The group’s retail companies index found that 23% posted negative trading updates – more than double the 10% seen in the first quarter of 2007 and the highest quarterly figure since the beginning of 2006.
The data also showed that the number of retail firms warning over profits rose to eight in the first quarter – also the highest for two years – with the recent cut in interest rates failing to shore up consumer confidence.
Only 37% of listed retailers reported positive trading for the first quarter, down from 41% in the final three months of last year, said Grant Thornton.
Retailers have been hit by a marked slowdown in consumer spending as the credit crunch has led lenders to restrict unsecured lending to borrowers. Firms including Currys owner DSG International, Land of Leather and Moss Bros have cautioned that profits will miss market expectations in recent months as trading has dipped, with fashion and “big ticket” furniture and electrical sales taking the biggest knock. Retailers linked to the housing market have also endured tough trading, said Grant Thornton.
David Bush, head of Grant Thornton’s retail services team, said: “The restriction in unsecured bank lending to consumers and the slowing of house prices has had a greater impact on retail spending than the cut in interest rates since Christmas.”

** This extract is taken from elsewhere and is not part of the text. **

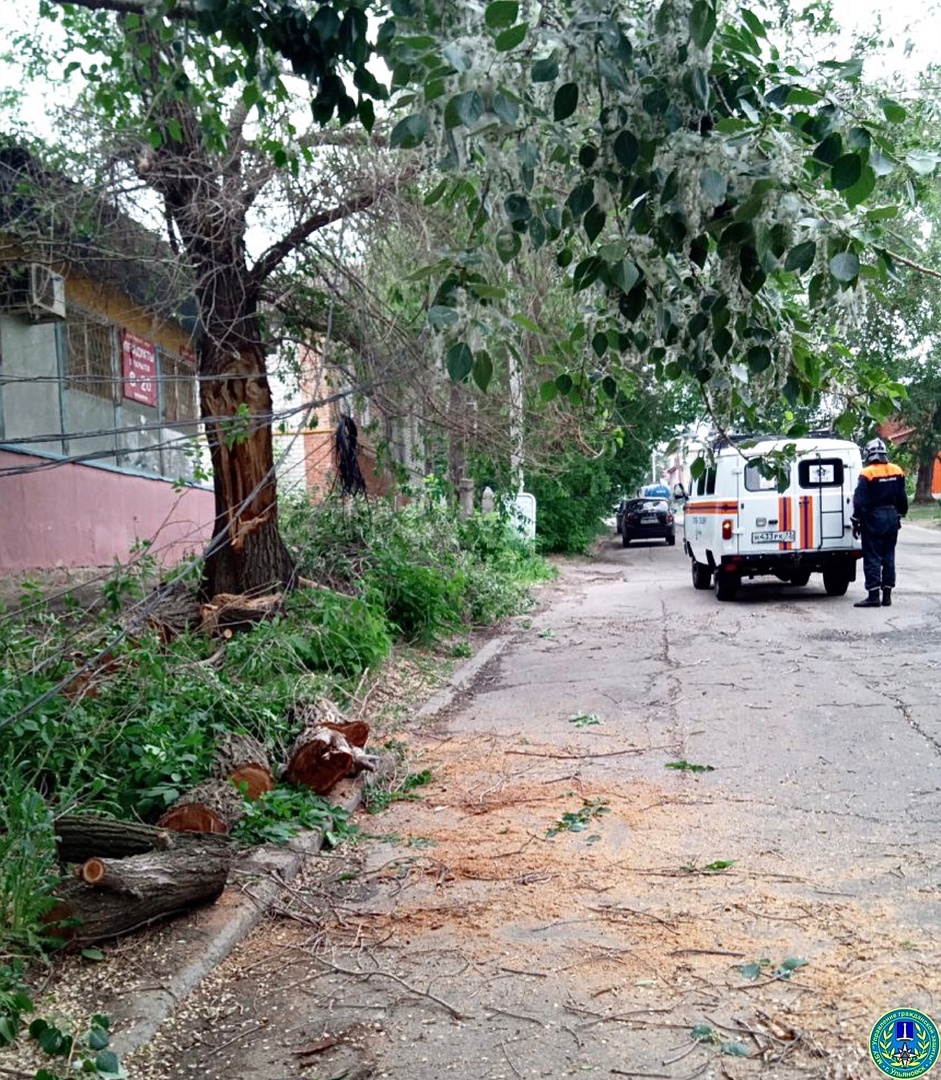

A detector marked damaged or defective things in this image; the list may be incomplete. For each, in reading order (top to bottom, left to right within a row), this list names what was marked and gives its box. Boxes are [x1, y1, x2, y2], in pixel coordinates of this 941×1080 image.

cracked asphalt [128, 524, 937, 1080]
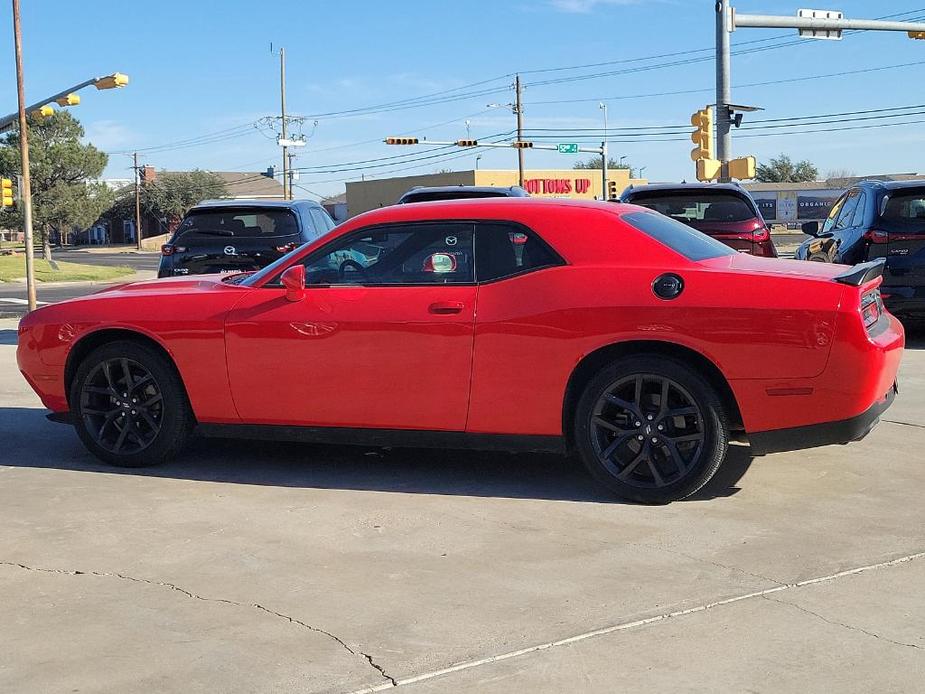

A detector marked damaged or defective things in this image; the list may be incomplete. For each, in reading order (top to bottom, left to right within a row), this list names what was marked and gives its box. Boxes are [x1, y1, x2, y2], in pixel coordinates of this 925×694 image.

crack in pavement [0, 564, 398, 688]
crack in pavement [760, 600, 920, 652]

He added: “The current mood on the high street is that of general nervousness and consequently this has led to a cut in consumer spending. This research shows that the first three months of 2008 have got off to a shaky start and that for the immediate future there is no short-term end to the consumer spending downturn.” But the research suggested that consumers are still prepared to splash out on food and drink, with Grant Thornton’s study showing that all listed food firms have enjoyed a rise in like-for-like sales for the past six quarters in a row.
Supermarket Sainsbury’s last month beat analyst forecasts with news of a 4.1% leap in fourth quarter like-for-like sales, with similar upbeat trading statements from Morrisons and Asda.